RE/MAX also agreed to pay $55 million, less than the $83 million Anywhere agreed to. Both companies said they do not expect any major financial impact due to these payments.
“We continue to deny the allegations made in the complaints and in no way acknowledge any wrongdoing. We also continue to believe in buyer agency, cooperative compensation and the idea that consumers are best served when they are working with real estate professionals,” said RE/MAX President and CEO Nick Bailey.
This broadly aligns with comments made by Anywhere executives, who also reiterated their commitment to the current commission model in real estate, which is the main focus of the lawsuits (both still slated to go to trial in the coming months).
HomeServices of America and its subsidiaries, along with Keller Williams and NAR remain defendants in the lawsuits, which allege that NAR rules, broker policy and other industry practices, including agent training, enforce an anti-competitive and anti-consumer structure that inflates commissions.
One trial, in a case known as Burnett/Sitzer, is scheduled to start one week from today, while the other, known as Moehrl, will take place early next year.
But as the lawsuits go forward, RE/MAX at least won’t be able to fully move on from the litigation.
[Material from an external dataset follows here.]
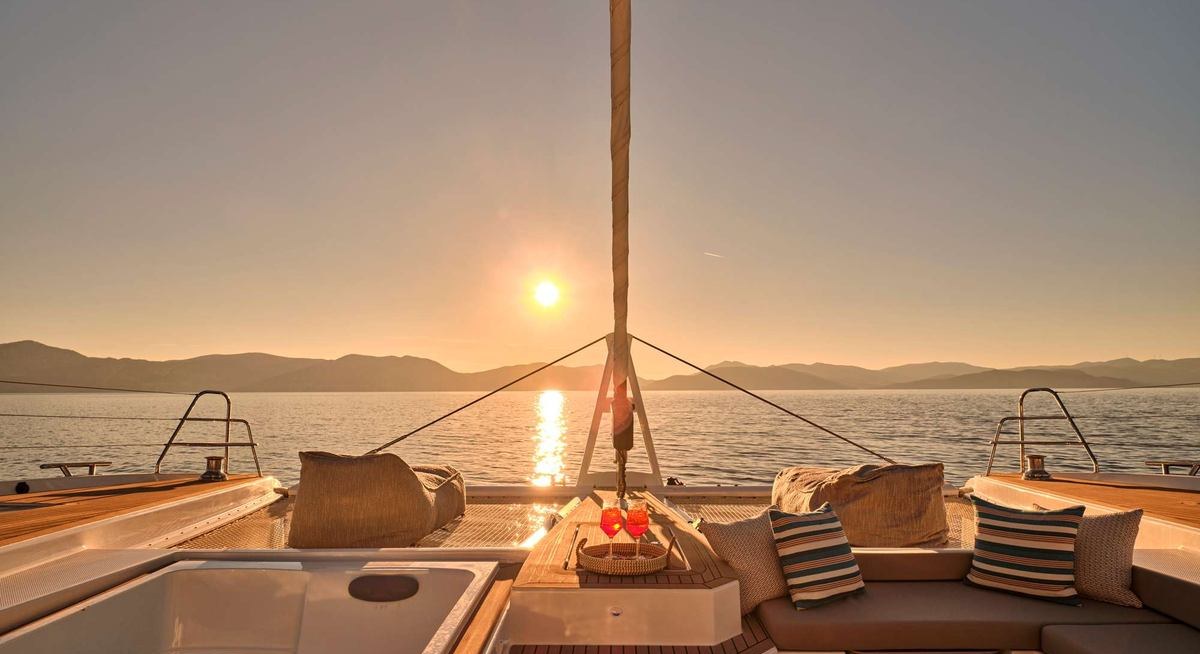 SUNMOON yacht charter 3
In the company’s settlement agreement, there is a stipulation requiring RE/MAX corporate (not franchises) to “provide valuable cooperation to plaintiffs” in the lawsuits, even as it is no longer a target of claims.
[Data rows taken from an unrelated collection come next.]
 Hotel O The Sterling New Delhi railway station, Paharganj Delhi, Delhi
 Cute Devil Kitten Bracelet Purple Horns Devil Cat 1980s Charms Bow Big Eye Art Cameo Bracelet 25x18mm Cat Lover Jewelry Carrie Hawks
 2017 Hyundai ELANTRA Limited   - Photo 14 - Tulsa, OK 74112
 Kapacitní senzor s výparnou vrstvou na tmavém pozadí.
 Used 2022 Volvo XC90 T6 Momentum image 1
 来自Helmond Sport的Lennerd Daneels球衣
Specifically, RE/MAX is required to withdraw expert witnesses it retained for the trials, disallowing them from testifying for the other brokerages still fighting the suits. The company must also provide three of its own current employees as witnesses for the Moehrl suit.
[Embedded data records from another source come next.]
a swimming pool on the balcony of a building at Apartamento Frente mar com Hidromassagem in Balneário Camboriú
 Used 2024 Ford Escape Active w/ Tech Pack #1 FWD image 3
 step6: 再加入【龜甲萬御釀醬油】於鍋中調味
Additionally, the agreement requires RE/MAX to assist in verifying documents either before or during hearings and trials.
A spokesperson for Anywhere provided a portion of its settlement agreement, which contained very similar stipulations and language around cooperation.
A RE/MAX spokesperson said that costs associated with the cooperation portions of the agreement are already baked in to the $55 million total, but declined to comment on other details, adding that the company “assert(s) that protecting the U.S. RE/MAX network of Broker/Owners and agents from costly litigation and the risk of further damages makes this settlement the right course of action.”
Even with these settlements, the road ahead in the ongoing saga of commission lawsuits is likely a long one, with other interrelated issues. As some companies call for further distancing from NAR, these suits, and a dormant Department of Justice investigation, could potentially push for further changes and penalties.
Another lawsuit, specifically targeting NAR’s “clear cooperation” policy and some of the country’s largest MLSs, is scheduled for trial in early 2025.
I entered as a Realtor in 1973, the Listing Brokerage received all of the fee they had contracted for, with the Seller, at the closing and transfer of title(deed)!
It meant, usually the check had to clear before my Brokerage would receive the agreed upon co-brokerage fee!
You won’t believe it, but sometimes you never got paid…because the funds from closings went into Brokerage operating accounts and funds were not paid out of a trust account!
In order to be sure selling Brokerages got paid, permission was given to the closing companies, attorneys and title companies to separate the co-operating Brokerage at the closing…what an ingenious revelation!
It was then that the Listing Brokerage could avoid the extra accounting they were required to do, and Selling Brokerages were being paid in a timely fashion!
O M G how did this simple change turn into the fiasco of lawsuits!
Sellers agree to pay a Brokerage to Market and Sell their home…low and behold another Brokerage has a Buyer!
The Brokerage and Seller have a contract for a certain amount to be paid when the Closing is consummated, even though a Buyer may come through a co-operating Brokerage!
Through decades of Co-operation between Brokerages many Sellers and Buyers have successfully made the market flow work…I have personally seen it succeed!
Our profession as Realtors is governed by a code of ethics that has kept our standards of business conduct in check!
There are many Licensees that have a license to offer services to Sellers and Buyers with out regard to good ethical business practices!
Fortunately the National Association of REALTORS was formed to promote business ethics!
I went into the real estate business in 1978.. I loved the business. Today there is so much Crapp going on with Virtual offices, Agents not licensed in the state, selling. This is not the way to run a service. No one understands. how hard we work for our money. Something should change.